Hello,
I am computer science student and trying to work on BioMedical data and learning and applying the Bioinformatics techniques.
I have ChipSEQ data generated by my lab , of histone modification , H3k27me3, with three different samples I have applied the whole pipeline and able to call peaks as well using MACS2. the peaks shown in the results are as expected that the sample that is expected to show the highest number of peaks and the one who should show less , is accordingly.
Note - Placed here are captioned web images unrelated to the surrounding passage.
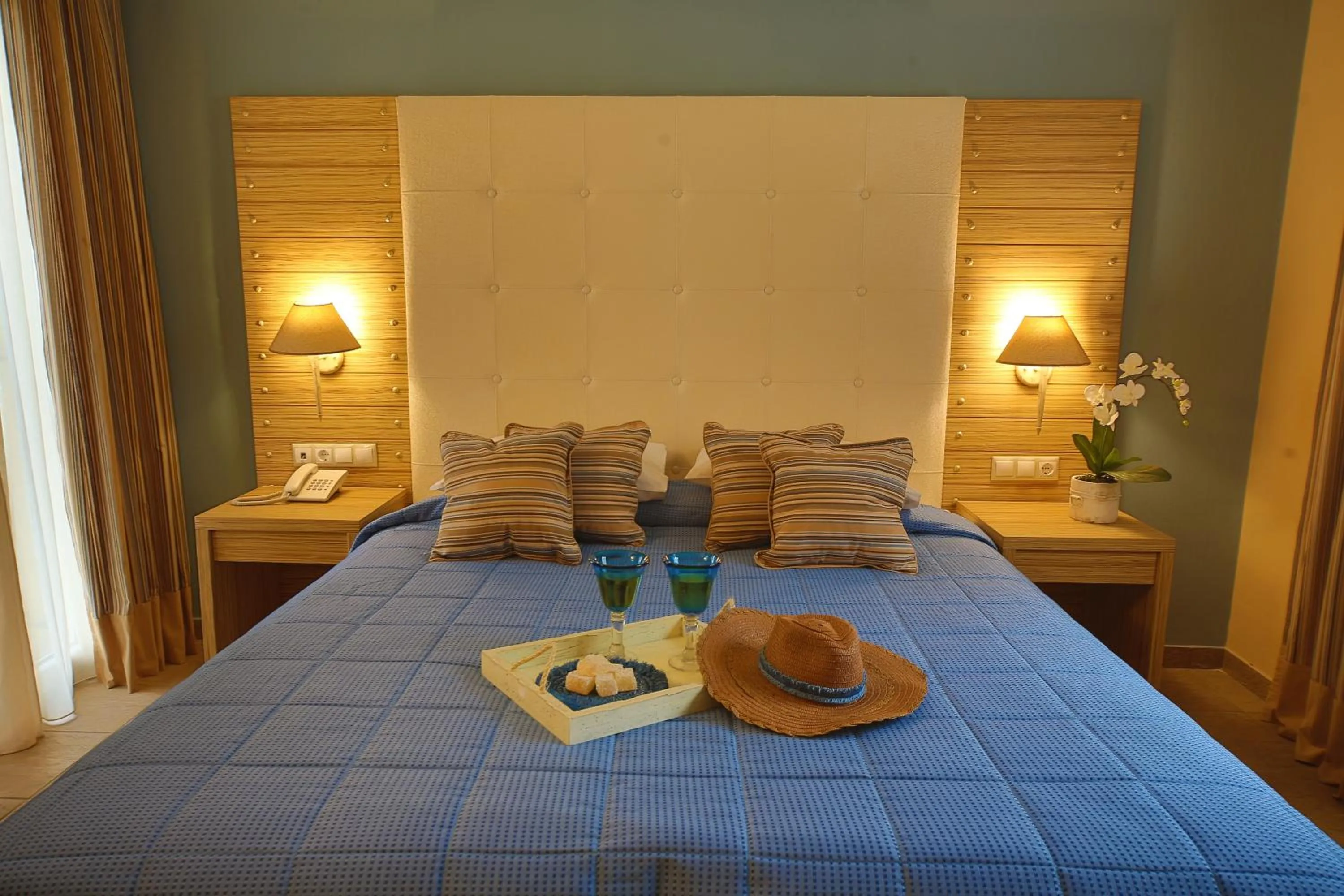 Photo of the whole room, Bed in Dolphin Bay Seaside Resort & Suites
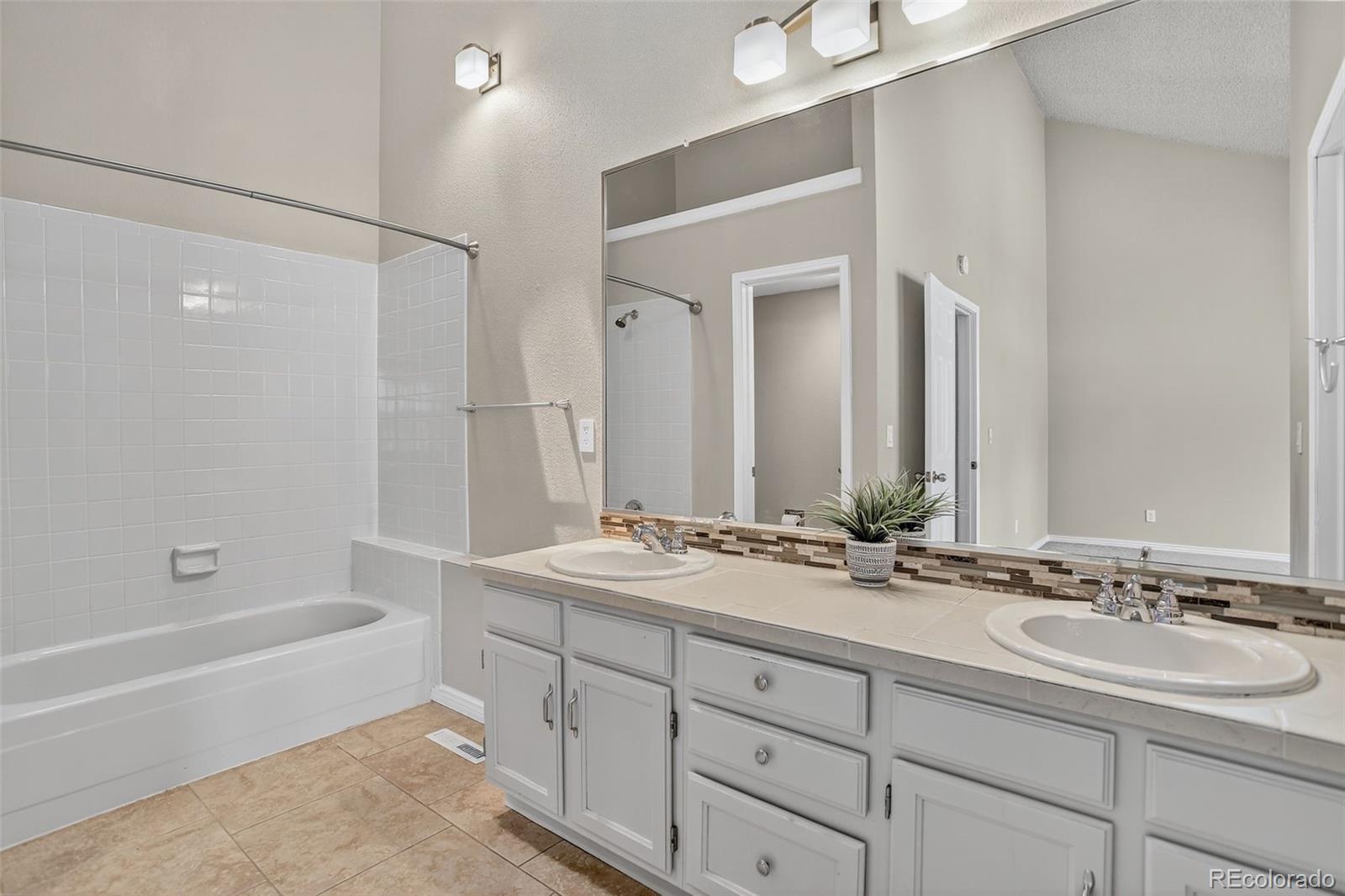 MLS Image #25 for 7643 s cove circle,centennial, Colorado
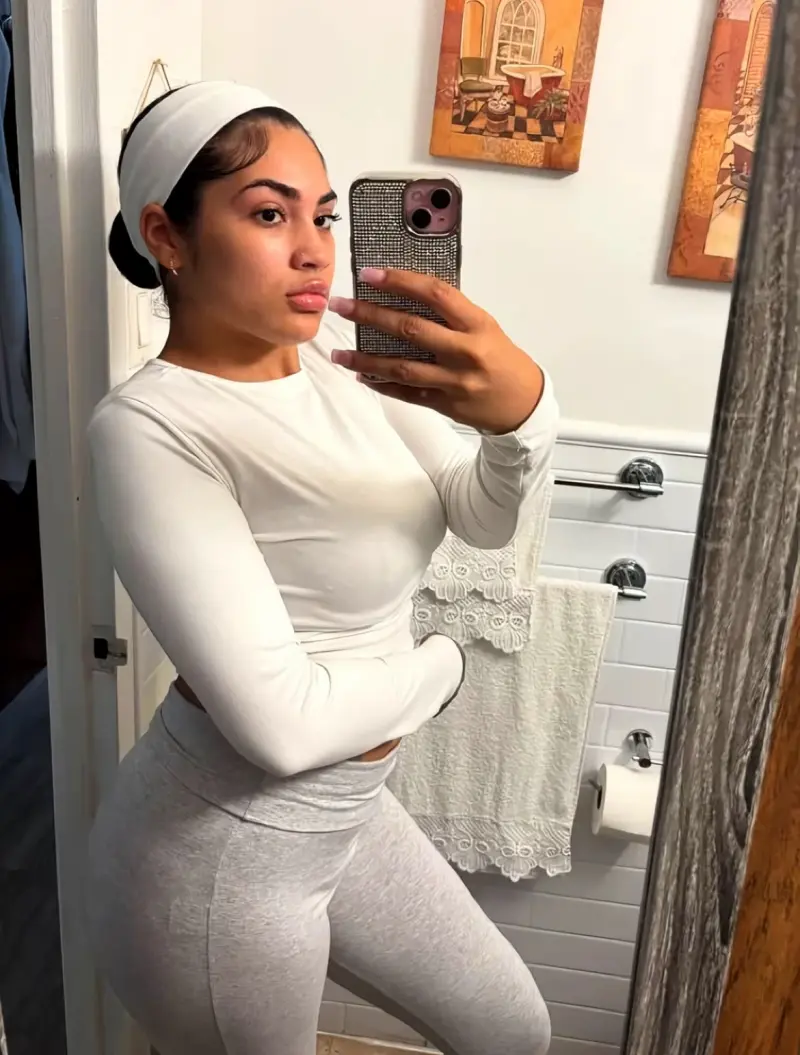 michaelinece6b14a9 (26) female from US - sexting partner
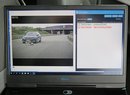 Kamera načte registrační tabulku auta a systém v kontrolním vozidle pak ukáže, zda je poplatek uhrazen či nikoli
But when I am doing the downstream analysis using Chipseeker and following the vignette the frequency plot is showing almost similar number of peaks where as the number of peaks in the excel peak file in th e MASC2 results shows 194577 and 48752 peaks respectively The code that I am using for Chipseeker is
promoter <- getPromoters(TxDb=txdb, upstream=3000, downstream=3000)
tagMatrixList <- lapply(files, getTagMatrix, windows=promoter)
plotAvgProf(tagMatrixList, xlim=c(-3000, 3000), conf=0.95,resample=500, facet="row")
MACS2 command that's I am using
macs2 callpeak -t treatedfle.bam -c inputfile.bam --gsize 3.0e9 --bdg --broad --broad-cutoff 0.1 --nomodel --extsize 125 --name treated_ --outdir /home/labs/chip/
Any help or suggestions are welcome.
Hi,
How do you observe the number of peaks using the frequency plot / average profile ?
Could you show the plot?
This is the peak count frequency plot that I am referring to , the first sampleis supposed to have the least number of peaks but its frequency is highest .. Am I interpretting it wrong ?
The y-axis is peak count frequency not peak numbers. I tried to understand it through the R script of plotAvgProf. The peak count frequency is calculated for each sample separately (using apply fn). Then collated together using facet. The profile plot is telling you distribution of peaks around TSS +/- 1kb with y-axis limits ranging upto 0.0007. If any of your samples has peaks with higher frequency at any given genomic site the scale i.e y-limit will increase. Also the number you mentioned about peaks are not so low even they are too much different. So while calculating the frequency you might get a range of y-axis which is same.
Thankyou so much Ankit for your detailed answer.
hello , I have another query related to this , the data that I am analysing was previously analyzed too and those results indicate that there is dip in the TSS region where is mine are showing the highest at TSS , can you suggest what could be the reason ? I would really appreciate your response
what is your txdb?
can you explain your experiment in detail?